Using Context and Flow Diagrams For a Big Picture

It’s helpful to understand the big picture of an application before getting down into the details. The context diagram and the workflow diagram are two ways to show it. This big picture helps in creating acceptance tests for the system that have minimal redundancy and ease of maintenance. In order to demonstrate the two diagrams, I’ll use an example of an on-line ticket ordering system.

Context Diagram

A context diagram shows the external entities with whom an application interacts. Those entities may be humans or they may be other systems. The circle represents the boundary between the application and the external entities.

In our example, a ticket customer places an order for a ticket for an event. The event has been set up by an event maintainer with the date, time, location, and seats. When the order is placed, a credit card charge is made to an external credit card processor. Then the ticket is the emailed to the customer.

More details of the data that is passed between the external entities and the application could be shown on the diagram. For example, the details of what information a ticket customer enters into the system could be included.


The context diagram shows the external dependencies of an application. When automating tests for the system, these external dependencies should have test doubles (mocks) created for them. For this example, the two dependencies are the credit card processor and email server. If you don’t have a test double, you may max-out any credit card that was used for the testing.

Note, if you want to fully automate tests for the entire application, then you need test doubles for the ticket customer and the event maintainer.

The previous diagram showed the external dependencies. An application usually has multiple components that interact with each other. We can show the context of those components by placing them within the application. In order to execute an external operation, the components communicate with each other via procedural calls, service calls, or some other mechanism.



Now the tests for external operations can be broken down into tests for each individual component. To test each component individually, the other components can have test doubles. In this example, to test the UI, there would be a test double for the mid-tier. To test the mid-tier, the same test doubles for the credit card processor and the email server would be used and an additional test double would be created for the database.

The tests for each component can then be broken down into tests for the modules (classes, methods, etc.) within that component.

Workflow Diagram

A workflow diagram shows the flow of a process, typically from the external view of the system.
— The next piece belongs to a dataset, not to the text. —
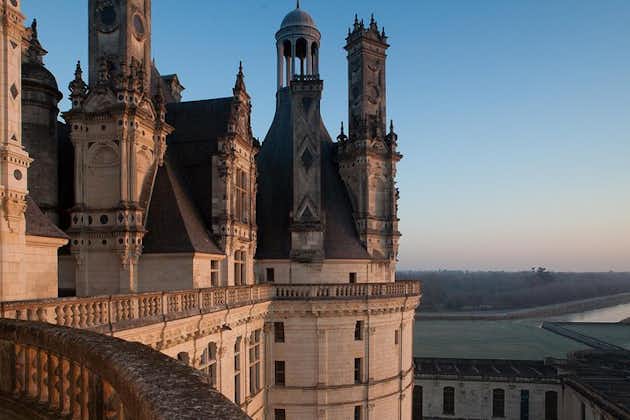 Loire Valley Castles and Wineries Private VIP Day Trip with Lunch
The diagram can detail the inputs and outputs to each step of a process. The flow may not necessarily be linear. There can be loopbacks in the flow. (This flow is often represented by a story map – see Jeff Patton’s Story Mapping).

For the example, the flow might look like the following diagram. The first step in the workflow requires an event inventory to be created. That’s part of the event maintenance workflow, which is shown later. This flow shows the “happy path” – seats are available, credit card has sufficient money available, etc. Exceptions could be represented in the same workflow, or different workflows, depending on the amount of detail to be shown.



The event inventory is created in a different work flow, such as:


Now each step in the work flow usually has a test created for it. Tests are often represented as Given/When/Then. In this form, it goes:

Given: Some initial state

When: An event or action occurs

Then: An output occurs or the state changes or both

The Given part of the test for a step usually comes from the Then part of another step. For example, for the charge card step, the given part comes from the place order step.

Given: Event information and a cost

When: Card is charged

Then: Charge is sent to credit card processor

Benefits of using the diagrams

The context diagram gives an idea of what external entities need to have test doubles. Those same test doubles can be used for component tests that communicate with those entities. Using the same test doubles minimizes redundancy and therefore increases maintainability.

The workflow diagram shows the connection between steps in a workflow. Tests for these steps should be placed in closely related files (or the same file) so that a the effect of a change in the output of one step can be easily traced to the input change necessary for the next step in the flow.